All four Times journalists are experienced war correspondents.
Mr. Shadid previously worked for the Washington Post, The Associated Press and the Boston Globe. He won the Pulitzer Prize for international reporting in 2004 and 2010 for his coverage of Iraq.
Mr. Hicks, a former photographer for the Troy Daily News in Ohio and The Wilmington Star-News in North Carolina, had worked in hotspots from Haiti to Chechnya. He was named Newspaper Photographer of the Year in 2007 by Pictures of the Year International and won an Infinity award from the International Center of Photography in 2001.
Ms. Addario was part of the New York Times team that won the 2009 Pulitzer Prize for international reporting and also has worked for National Geographic and Time magazine. She won a MacArthur Fellowship, or “Genius Grant,” in 2009.
In September 2009, Mr. Farrell and Sultan Munadi, an Afghan journalist and interpreter who worked regularly with the Times and other news organizations, were taken hostage when they went to cover the aftermath of a NATO airstrike that killed scores of civilians in northern Afghanistan.
Mr. Munadi and a British commando died in the raid that rescued Mr. Farrell, a Briton.
Mr. Farrell also was kidnapped in 2004 in Fallujah, Iraq. He previously worked for the Times of London.
In 2008, New York Times reporter David Rohde was kidnapped while trying to make contact with a Taliban commander in Afghanistan. Mr. Rohde and an Afghan colleague escaped in June 2009 after seven months in captivity, most spent in Taliban sanctuaries in Pakistan.
The Committee to Protect Journalists says it has documented five assaults, 25 detentions and dozens of attempts to obstruct or intimidate journalists as they try to cover Libya’s unrest.
Covering Libya has quickly become more dangerous for reporters than the earlier uprising in Egypt, said Joel Simon, executive director of the Committee to Protect Journalists. He said Egyptian President Hosni Mubarak had tried to preserve his international reputation by reining in government attacks on journalists.
“There’s no such calculation going on in Libya,” Mr. Simon said. “It’s a very difficult, precarious situation for the press right now.”
On Saturday Al-Jazeera cameraman Ali Hassan al-Jaber was killed and correspondent Baybah Wald Amhadi was wounded when their car was ambushed near Benghazi.

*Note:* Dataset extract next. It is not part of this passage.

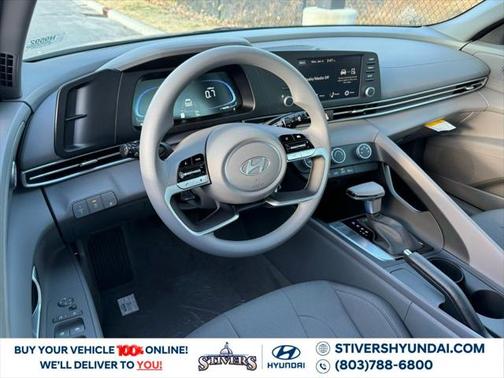 2025 Hyundai ELANTRA SE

Last week three British Broadcasting Corp. employees were detained, beaten and subjected to mock executions by Libyan soldiers while attempting to reach the western city of Zawiya
On March 2, Libyan authorities detained reporter Andrei Netto of Brazil’s Estado de S. Paulo newspaper and Ghaith Abdul-Ahad of Britain’s Guardian newspaper. Mr. Netto was released on March 11, and Abdul-Ahad was released on Wednesday.
In all, there have been more than 300 attempts to intimidate or obstruct reporters since a wave of Middle East uprisings began in December in Tunisia, the Committee to Protect Journalists said.
CBS said its reporter Lara Logan was attacked and sexually assaulted in Egypt while covering reaction to Mubarak’s resignation. A CNN crew including reporter Anderson Cooper was also attacked by pro-Mubarak protesters.